▶ _Work item_: Would you repeat the listing below exactly, with no pictures in it?

▶ _Given material_:
# # # # # # #

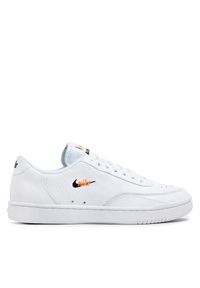 Sneakersy Nike. Kolor: biały. Styl: vintage. Model: Nike Court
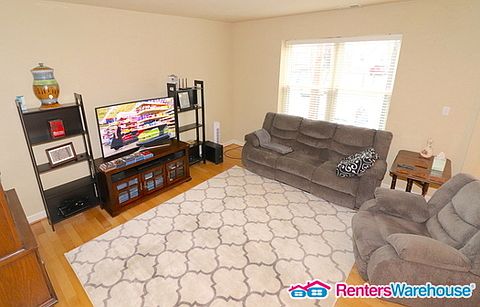 2nd image of 5621-5631 Pershing Ave #13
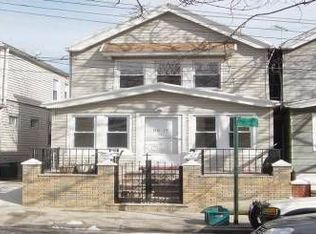 8613 77th St, Woodhaven, NY 11421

# # # # # # #

▶ _Response to this exercise_:
 Sneakersy Nike. Kolor: biały. Styl: vintage. Model: Nike Court
 2nd image of 5621-5631 Pershing Ave #13
 8613 77th St, Woodhaven, NY 11421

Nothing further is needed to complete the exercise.